Closed michael-conrad closed 2 years ago

michael-conrad commented 2 years ago

What all needs to be done to disable grapheme to phoneme conversions?

Flux9665 commented 2 years ago

So you want to use Character Embeddings rather than Phoneme Embeddings? In that case you can change this line https://github.com/DigitalPhonetics/IMS-Toucan/blob/931e4ce63a4cc675cb15b72474a3c3619632a07b/Preprocessing/TextFrontend.py#L131 to the following:

phones = text

And exchange the phones in https://github.com/DigitalPhonetics/IMS-Toucan/blob/931e4ce63a4cc675cb15b72474a3c3619632a07b/Preprocessing/ipa_list.txt to all the characters that you want to accept as input. The first line needs to remain the padding token though.

And then when you instanciate a model, you need to specify the new amount of possible inputs as the models idim. For that you can take the amount of lines in the ipa_list.txt file +1.

Generally phoneme embeddings work much better than pure character embeddings, so I wouldn't recommend changing to characters. If you want to change it to make it work for a different language, consider that espeak supports phonemizing in 126 languages at this point. You just need to exchange the shorthand of the phonemizer for that of a new language. A bunch of them are already added, but there's a lot more you can look up here: https://github.com/espeak-ng/espeak-ng/blob/master/docs/languages.md

michael-conrad commented 2 years ago

Thanks for the help.

espeak-ng does not correctly handle Cherokee. Even if I were to try again to fix the issues it has with improper stress marks, I do not think I will be able to get it to produce IPA for the tonal portion of the audio. I generally consider espeak-ng broken for non-latin languages, especially for those which don't use stress such as Cherokee.
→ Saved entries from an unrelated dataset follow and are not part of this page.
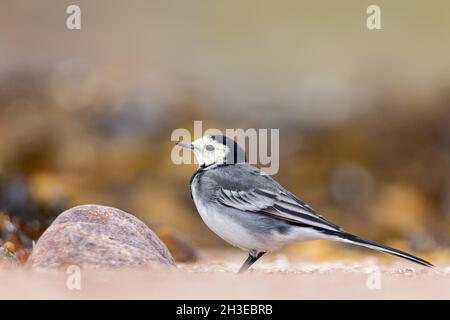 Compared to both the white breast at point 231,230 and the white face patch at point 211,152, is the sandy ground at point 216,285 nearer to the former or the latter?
the white breast at point 231,230

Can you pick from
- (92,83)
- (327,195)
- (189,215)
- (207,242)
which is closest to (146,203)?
(189,215)

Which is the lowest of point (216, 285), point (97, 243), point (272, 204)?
point (216, 285)

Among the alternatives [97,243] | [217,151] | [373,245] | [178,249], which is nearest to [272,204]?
[217,151]

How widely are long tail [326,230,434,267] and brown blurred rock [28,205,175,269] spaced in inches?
59.8

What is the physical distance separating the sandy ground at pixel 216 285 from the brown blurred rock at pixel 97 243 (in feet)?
0.48

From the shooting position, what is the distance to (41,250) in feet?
25.7

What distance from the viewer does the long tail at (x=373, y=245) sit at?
311 inches

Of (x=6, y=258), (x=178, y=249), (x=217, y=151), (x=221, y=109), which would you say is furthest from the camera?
(x=221, y=109)

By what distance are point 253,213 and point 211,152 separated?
3.39 ft

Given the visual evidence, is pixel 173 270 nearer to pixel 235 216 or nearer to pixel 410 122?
pixel 235 216

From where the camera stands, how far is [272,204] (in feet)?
28.7

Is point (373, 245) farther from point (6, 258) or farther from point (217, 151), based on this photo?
point (6, 258)

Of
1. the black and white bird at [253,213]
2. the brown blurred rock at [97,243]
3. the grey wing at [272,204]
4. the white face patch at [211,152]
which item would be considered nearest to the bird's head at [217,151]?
the white face patch at [211,152]

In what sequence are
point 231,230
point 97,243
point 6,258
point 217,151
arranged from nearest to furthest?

The orthography I plan on using is called the "Modified Community" orthography and properly indicates cadence (vowel length) and tone.
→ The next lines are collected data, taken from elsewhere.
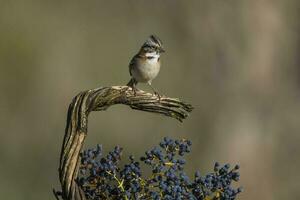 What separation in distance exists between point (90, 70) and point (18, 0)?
77 centimetres

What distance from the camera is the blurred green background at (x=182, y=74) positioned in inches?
271

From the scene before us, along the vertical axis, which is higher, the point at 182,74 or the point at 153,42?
the point at 182,74

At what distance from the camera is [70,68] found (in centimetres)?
729

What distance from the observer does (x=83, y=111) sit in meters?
2.33

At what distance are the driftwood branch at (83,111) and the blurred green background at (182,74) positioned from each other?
407 cm

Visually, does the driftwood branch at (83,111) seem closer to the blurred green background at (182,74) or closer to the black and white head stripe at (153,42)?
the black and white head stripe at (153,42)

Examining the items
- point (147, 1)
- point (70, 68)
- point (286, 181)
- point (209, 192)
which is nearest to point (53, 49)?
point (70, 68)

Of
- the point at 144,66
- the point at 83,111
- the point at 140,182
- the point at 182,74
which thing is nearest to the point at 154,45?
the point at 144,66

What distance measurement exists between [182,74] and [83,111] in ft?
17.0

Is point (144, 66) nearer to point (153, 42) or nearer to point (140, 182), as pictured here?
point (153, 42)

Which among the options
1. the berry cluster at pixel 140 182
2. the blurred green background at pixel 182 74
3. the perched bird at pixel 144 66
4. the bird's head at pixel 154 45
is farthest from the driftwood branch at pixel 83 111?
the blurred green background at pixel 182 74

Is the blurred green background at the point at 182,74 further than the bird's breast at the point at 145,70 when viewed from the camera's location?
Yes

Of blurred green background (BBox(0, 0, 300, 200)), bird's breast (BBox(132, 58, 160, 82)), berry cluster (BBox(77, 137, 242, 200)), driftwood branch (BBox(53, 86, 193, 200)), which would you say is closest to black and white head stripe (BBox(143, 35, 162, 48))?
bird's breast (BBox(132, 58, 160, 82))

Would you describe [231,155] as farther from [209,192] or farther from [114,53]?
[209,192] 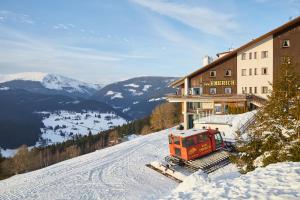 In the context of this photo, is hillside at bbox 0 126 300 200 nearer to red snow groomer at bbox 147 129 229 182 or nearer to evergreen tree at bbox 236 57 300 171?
red snow groomer at bbox 147 129 229 182

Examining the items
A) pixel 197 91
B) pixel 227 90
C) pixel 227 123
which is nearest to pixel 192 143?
→ pixel 227 123

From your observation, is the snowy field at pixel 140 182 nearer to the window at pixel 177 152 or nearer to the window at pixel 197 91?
the window at pixel 177 152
Do you think it would be possible to fine tune an existing model and keep the previous voice embeddings intact while adding new voices?

Flux9665 commented 2 years ago

I see, very interesting language. The modified Community orthography should work, adding a lexical tone marker as character into the sequence has worked for Chinese with the Pinyin writing system.
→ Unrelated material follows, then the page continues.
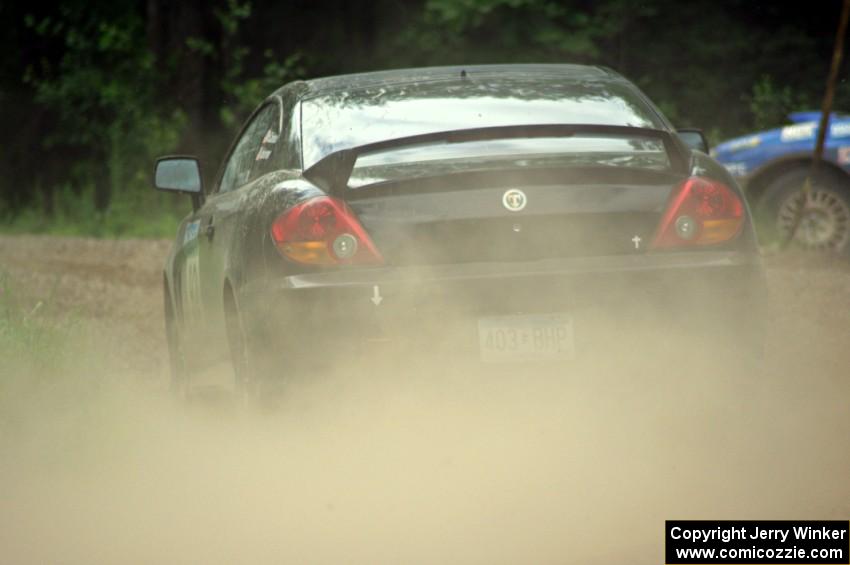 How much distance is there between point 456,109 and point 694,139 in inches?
67.0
Maybe this could be an alternative to espeak for non-latin languages that still uses IPA? https://aclanthology.org/P16-1038.pdf

Do you think it would be possible to fine tune an existing model and keep the previous voice embeddings intact while adding new voices?

It should be possible to fine-tune an existing model, but if you fine-tune across writing systems you'd need to either map the new sounds to their closest counterparts in IPA (just place it in the corresponding line in the ipa_list.txt file) or load the encoder and decoder parts of an existing model, but replace the embedding layer with a new one and train that one from scratch.

Do you mean voice embeddings as in multiple voices in multispeaker TTS? In the setup we use here, we provide the voice embedding as input for multispeaker models, so you would just fine-tune the conditioning. Multispeaker is however really challenging, we are moving away from multispeaker entirely in a future update. 30 minutes of single speaker data is enough to finetune a high-quality single speaker TTS, so multispeaker TTS doesn't seem that necessary: https://arxiv.org/abs/2110.05798

michael-conrad commented 2 years ago

So, to have multiple voices available, would require multiple "donor" models?

Flux9665 commented 2 years ago

Yes, one model per voice. The quality is much better that way, so I think it's worth it.

michael-conrad commented 2 years ago

Do you have a guesstimate on when the new approach will be published?

Flux9665 commented 2 years ago

Unfortunately not, we have to wait for an anonymity period to run out. But you can do the same with the current state of the toolkit, the update just removes the multispeaker stuff and changes some things about the way inputs are handled. This will be incompatible with what you want to do anyway. The current state of the toolkit will remain in another branch for backwards compatibility, the main branch will change to contain the new additions.

So if you want to train a Cherokee model, I suggest you train a model with the Modified Community orthography on a related language where you have a single speaker dataset with at least 5 hours available. Then you take this model as starting point and finetune on the most data you have from a single speaker in Cherokee. If you have around 30 minutes it should probably work pretty well. It should also work with less, but it gets more tricky the less you have.